What is required: Transcribe, word for word and without additions, each line below from the one containing "Casa com 3 Quartos" through the one containing "Sleep Inn Geistown Экстерьер фото", both ends included.

Data for review:
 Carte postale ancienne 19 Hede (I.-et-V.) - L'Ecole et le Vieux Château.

...

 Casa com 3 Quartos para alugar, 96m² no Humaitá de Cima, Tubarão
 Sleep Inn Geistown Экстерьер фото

Answer:
 Casa com 3 Quartos para alugar, 96m² no Humaitá de Cima, Tubarão
 Sleep Inn Geistown Экстерьер фото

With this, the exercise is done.